Organization based on Working Groups

After version 1.0 was released the Kubeflow community decided to move into a governance model very similar to Kubernetes. The project was broken down into distinct Working Groups (WGs) and SIGs, which have chairs, tech leads, their own calendars etc. Working groups became the primary vehicle for technical decision-making in the project, and regularly report on that work to the wider project in community channels.

 

With this transition the different components , and GitHub repos, of Kubeflow are now maintained by the corresponding Working Groups. Kubeflow currently has the following Working Groups:

  • Serving : for doing model inference
  • Training for performing distributed training on Kubernetes
  • Manifests : for providing simple to install manifests of all the Kubeflow components

This arrangement has allowed Kubeflow to be governed in an open fashion, where contributors could collaborate more efficiently and move the project forward together with the Working Group leads.

Simplified installation

One of the main pain points we've heard from users is that Kubeflow was really complicated to install. This was indeed the case and mostly caused by the use of kfctl, a CLI tool, which handled installing, uninstalling as well as upgrading Kubeflow installations.

While the premise of this tool was promising, the implementation didn't stand up to the expectations. The CLI had some custom logic for parsing and generating the YAML files, which in many cases had bugs or did not support features of kustomize. Later on there was an effort to support the v3 kustomize which further complicated the structure of the manifests.

All the above led to a user experience that left a lot to be desired.

But, the Manifests WG folks took this feedback into consideration very seriously  and worked on drastically simplifying the structure of the manifests. In the 1.3 release of Kubeflow, the Manifests WG decided to directly provide kustomize YAMLs for the different components of Kubeflow.

This approach removed the dependency in kfctl and treated the different components of Kubeflow as simple kustomize packages. This decision also came with some powerful benefits, necessary for handling manifests effectively:

  1. Users could now declaratively apply configurations for their different components.
  2. It reinforces GitOps patterns, since users can git add/commit/apply their changes as overlays on top of the base upstream manifest.
  3. Users can easily mix and match different components in their Kubeflow installation.

For 1.3 the installation process was even simplified down to a single kustomize command.

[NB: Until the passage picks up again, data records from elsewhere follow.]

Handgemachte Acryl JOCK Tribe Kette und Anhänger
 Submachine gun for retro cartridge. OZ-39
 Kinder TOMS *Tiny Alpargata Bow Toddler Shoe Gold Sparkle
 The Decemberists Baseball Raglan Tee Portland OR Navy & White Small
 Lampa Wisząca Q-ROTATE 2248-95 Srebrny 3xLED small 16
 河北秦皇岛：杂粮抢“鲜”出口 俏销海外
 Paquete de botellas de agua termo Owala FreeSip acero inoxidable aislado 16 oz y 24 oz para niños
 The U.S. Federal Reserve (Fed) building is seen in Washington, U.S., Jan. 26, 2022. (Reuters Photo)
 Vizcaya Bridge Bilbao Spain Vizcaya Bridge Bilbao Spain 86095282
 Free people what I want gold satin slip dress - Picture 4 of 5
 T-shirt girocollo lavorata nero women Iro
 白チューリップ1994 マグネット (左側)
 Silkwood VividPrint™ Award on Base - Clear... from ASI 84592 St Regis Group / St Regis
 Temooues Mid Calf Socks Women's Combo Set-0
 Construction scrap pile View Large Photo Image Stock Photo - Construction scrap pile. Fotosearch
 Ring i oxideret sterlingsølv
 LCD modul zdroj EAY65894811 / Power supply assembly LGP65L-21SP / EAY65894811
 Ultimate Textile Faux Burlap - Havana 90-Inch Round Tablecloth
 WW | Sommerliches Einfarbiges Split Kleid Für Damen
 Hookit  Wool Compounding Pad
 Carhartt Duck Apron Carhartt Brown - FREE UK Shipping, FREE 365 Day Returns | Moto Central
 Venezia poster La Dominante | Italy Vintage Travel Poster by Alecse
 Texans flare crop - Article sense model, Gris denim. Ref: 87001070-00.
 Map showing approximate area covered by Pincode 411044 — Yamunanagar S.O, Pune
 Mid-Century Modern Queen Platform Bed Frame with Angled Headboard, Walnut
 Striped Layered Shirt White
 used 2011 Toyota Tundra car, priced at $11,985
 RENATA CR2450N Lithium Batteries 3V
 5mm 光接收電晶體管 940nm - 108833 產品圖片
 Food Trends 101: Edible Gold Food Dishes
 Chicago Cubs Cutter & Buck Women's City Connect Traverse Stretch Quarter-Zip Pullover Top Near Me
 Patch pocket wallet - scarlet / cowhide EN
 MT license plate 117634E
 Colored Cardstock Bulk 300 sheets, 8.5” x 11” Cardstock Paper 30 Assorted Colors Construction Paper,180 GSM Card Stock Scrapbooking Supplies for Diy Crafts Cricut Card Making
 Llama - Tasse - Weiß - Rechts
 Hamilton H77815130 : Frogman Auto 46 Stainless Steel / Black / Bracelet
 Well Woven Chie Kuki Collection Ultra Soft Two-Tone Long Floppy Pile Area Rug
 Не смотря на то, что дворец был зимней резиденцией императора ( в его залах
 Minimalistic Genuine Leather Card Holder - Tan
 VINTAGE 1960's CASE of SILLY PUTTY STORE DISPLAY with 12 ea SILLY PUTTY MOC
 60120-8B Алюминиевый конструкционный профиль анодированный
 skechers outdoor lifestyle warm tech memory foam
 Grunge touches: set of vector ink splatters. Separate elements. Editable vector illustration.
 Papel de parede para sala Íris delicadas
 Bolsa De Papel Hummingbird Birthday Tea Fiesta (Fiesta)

Established release process

Kubeflow 1.3 was the first release that was completely driven by Kubeflow's new Working Group structure. The release process, spearheaded by Yannis Zarkadas as the release manager, required efficient communication between the different Working Groups in order to be successfully completed. While we hit some bumps in the road, in the end we managed,as a community, to overcome them and do our first coordinated release!

The community even used the 1.3 release as an opportunity to further improve its processes. After the completion of the release we had a very productive retrospective in which all the stakeholders of the release, even the distribution owners, provided their feedback on the process. We took this invaluable feedback and converted it into a first iteration of a release handbook, capturing the good parts and aiming to mitigate the biggest hardships we faced.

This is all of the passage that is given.